What it the line of best fit?

Answer 1

A line which goes through the scatterplot which shows the regression line

Question 2

What is another way of saying line of best fit?

Answer 2

The least squares criterion

Question 3

What is the least squares criterion?

Answer 3

The line with the lowest sum of squares residuals is the line of best fit.

Question 4

How can we satisfy the least squares criterion?

Answer 4

By finding the line with lowest SSR

Question 5

What is the slope?

Answer 5

The regression coefficient (b).

The number of units that the regression moves on the y axis for each unit it moves along the x axis.

Question 6

What is intercept?

Answer 6

Regression constant (a).
The point at which the regression line cuts the y axis. So the value of x=0.

Question 7

When reading the Coefficients table in SPSS. Where do you find the intercept (a) and slope (b)?

Answer 7

Unstandardised coefficients the look under B. The top number (the (constant))is the intercept and the one below is the slope.

Question 8

What is the equation for linear regression?

Answer 8

Y = a + b*x.

Question 9

How does the linear regression equation look like when concerning a population rather than the sample?

Answer 9

In Greek letters.

Question 10

What does a little i mean in the regression equation? Yi = a +bx

Answer 10

The i indicates that there is a particular case.

Question 11

What the a ^ (hat) symbol above the Y is a regression equation mean?

Answer 11

That the y we are talking about is the predicted y.

Question 12

What does the symbol epsilon (reversed 3).

Answer 12

That our model is not perfect, y might not be exactly at a+bx but somewhere near because of some inevitable error.

Question 13

What is the goodness of fit?

Answer 13

Assessing the regression line to see if the regression line is the best line available for fitting the data.
It basically assess how well the regression line fits the data.

Question 14

How can we calculate the goodness of fit?

Answer 14

Fitting the data using a line based on the mean value of y.

The intercept is equivalent to the mean value and the slope is 0 (flat).

Question 15

How do we asses goodness of fit?

Answer 15

By looking at how much more variability in the outcome variable (y) the regression line is able to explain by comparing it with the line based on the mean.
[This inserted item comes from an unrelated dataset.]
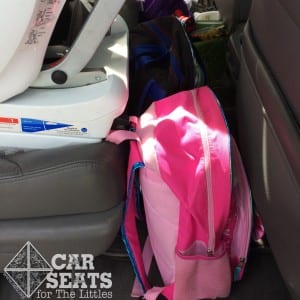 Storing items on the car floor in front of a rear facing car seat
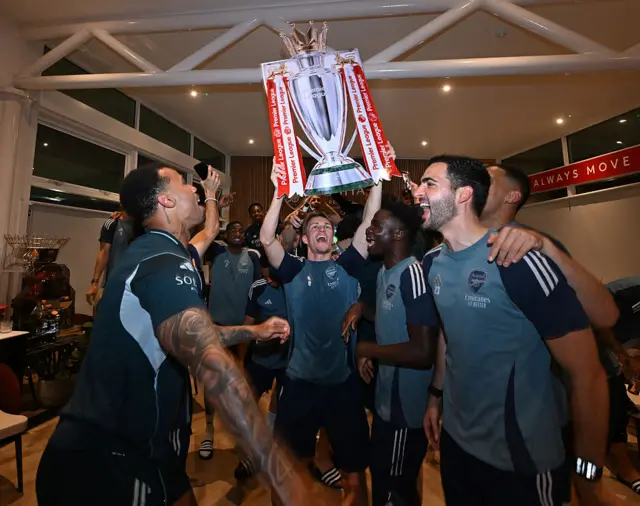 Arsenal with cardboard Premier League trophy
Then divide this amount by the variance unexplained by the regression line.

Question 16

In the SPSS output where can you see the goodness of fit of the regression line?

Answer 16

ANOVA table and the under sum of squares (second line saying residuals).

Question 17

What is model sum of squares (SSm)?

Answer 17

Portion of total variance that the regression line is accounted for.
How much out of the total variance which the model can account for.

Question 18

What is the sum of squared residuals (SSR)?

Answer 18

Variance in y scores that the regression line cannot account for.

Question 19

What is the mean squares for the model (MSM)?

Answer 19

Is the mean squares by calculating the SSM by associated DF’s.

Question 20

What is the total sum of squares (SST)?

Answer 20

Total variance in y scores (I.e the variance that a line based on the mean or y scores cannot account for).

Question 21

What is the residual mean squares (MSR)?

Answer 21

This is calculated by dividing the SSr by the associated DF.